Es bietet sich an, im Blick auf Ägypten die Floskel von der permanenten Staatskrise oder der Unregierbarkeit eines erodierenden Staates zu bemühen. Oder man erkennt auf das Unvermögen von Präsident Mohammed Mursi und befindet: Der mag dazu fähig sein, obrigkeitshörige und disziplinierte Muslim-Brüder zu führen – der bleibt überfordert, eine aufgewühlte Gesellschaft und ein komplexes Land zu regieren. Dessen Entscheidungen, wenn er sie denn trifft, sind stattdessen dazu angetan, soziale Zerrissenheit und Gewaltausbrüche voranzutreiben.

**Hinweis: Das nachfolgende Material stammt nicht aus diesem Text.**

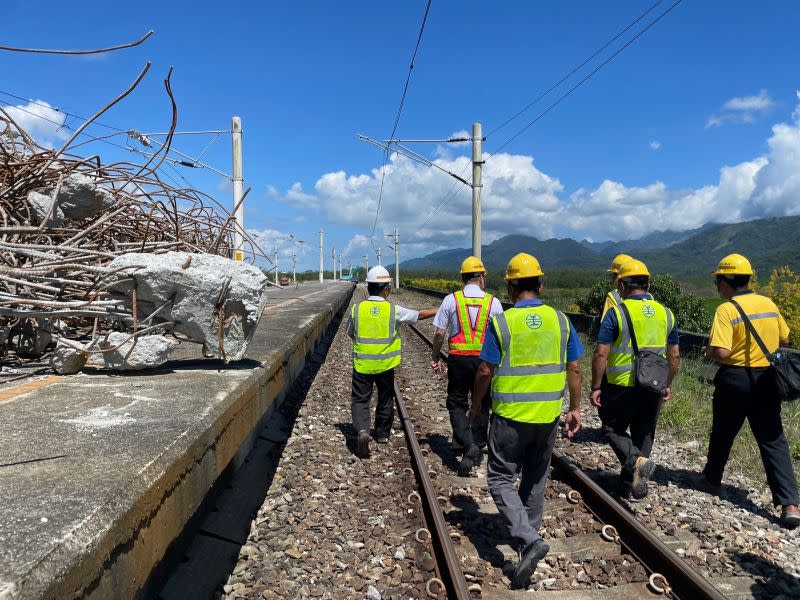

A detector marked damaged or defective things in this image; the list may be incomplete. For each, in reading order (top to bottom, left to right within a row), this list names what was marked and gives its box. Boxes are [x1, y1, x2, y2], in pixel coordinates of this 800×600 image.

broken concrete slab [85, 332, 177, 370]
broken concrete slab [106, 252, 270, 360]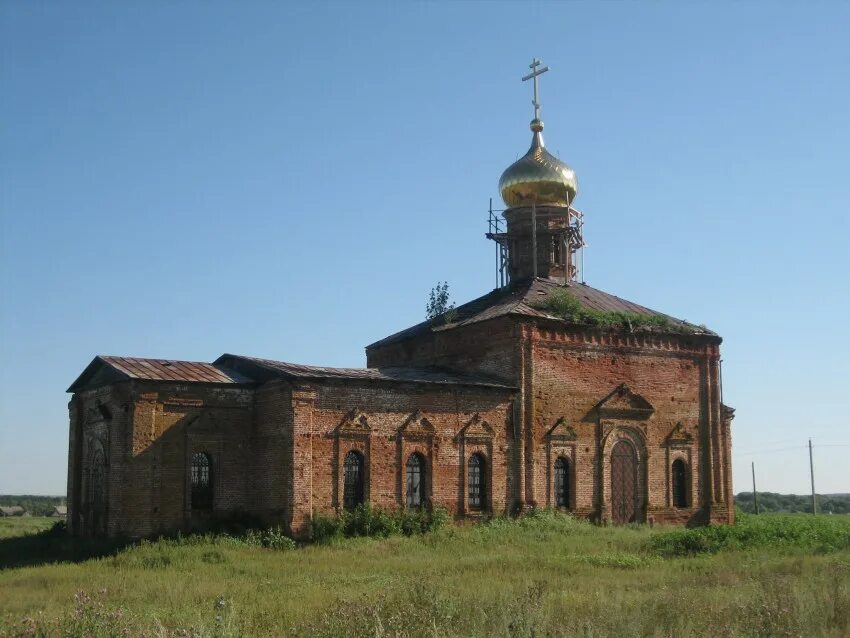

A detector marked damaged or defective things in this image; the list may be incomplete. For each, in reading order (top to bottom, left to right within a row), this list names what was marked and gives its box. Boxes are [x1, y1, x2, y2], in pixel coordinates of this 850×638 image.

rusty metal roof [366, 278, 716, 352]
rusty metal roof [66, 358, 252, 392]
rusty metal roof [215, 352, 512, 392]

Zu guter Letzt ließe sich eine dritte Deutung der Ereignisse vor dem 11. Februar – dem zweiten Jahrestag des Abgangs von Diktator Mubarak – geltend machen. Diese Version wäre mit der Metapher von der "unvollendeten Revolution" zu überschreiben. Wer sich dieses Interpretationsrasters versichert, sollte dann aber zugleich der Frage nachgehen, ob es einen Umsturz und folgenden Umbruch, der eine Gesellschaft aus den Angeln hebt, überhaupt gab.
Was ist erreicht von dem, was die Menschen auf dem Tahrir-Platz in Kairo wollten – Brot, Freiheit und Gerechtigkeit?

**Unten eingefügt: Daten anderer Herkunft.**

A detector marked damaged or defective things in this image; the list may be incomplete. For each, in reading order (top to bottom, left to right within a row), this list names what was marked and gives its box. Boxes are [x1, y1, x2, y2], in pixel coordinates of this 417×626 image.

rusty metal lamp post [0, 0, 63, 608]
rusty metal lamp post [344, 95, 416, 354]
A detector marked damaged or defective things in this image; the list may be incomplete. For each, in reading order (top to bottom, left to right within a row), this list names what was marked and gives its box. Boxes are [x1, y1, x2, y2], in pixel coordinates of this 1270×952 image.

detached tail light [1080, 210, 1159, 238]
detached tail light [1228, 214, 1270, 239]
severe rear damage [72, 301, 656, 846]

Fortsetzung der Autokratie
Wer die Vorgänge vor und nach der Demission Mubaraks emotionslos analysiert, dürfte zu dem Schluss kommen – es gab in Ägypten keinen Systembruch, der zu vollenden wäre. Es gab an jenem 11. Februar 2011 einen Staatsstreich, besser: einen Putsch. Die bis dahin Mubarak loyale Generalität entledigte sich ihres oberen Dienstherren, den Aufruhr und Protest der Straße zu viel Autorität gekostet hatten, um seinem Amt noch gewachsen zu sein. Statt deren Erhalt zu garantieren, stellte Mubarak eine Gefahr für die bestehenden Verhältnisse dar. Indem ihn die Obristen um Verteidigungsminister Hussein Tantawi ersetzten, nutzten sie sich selbst. Ihr Militärrat war als vorübergehend höchstes staatliches Gremium keine revolutionäre Instanz, sondern eine Fortsetzung der Mubarak-Autokratie mit andern – keinesfalls gravierend anderen – Mitteln.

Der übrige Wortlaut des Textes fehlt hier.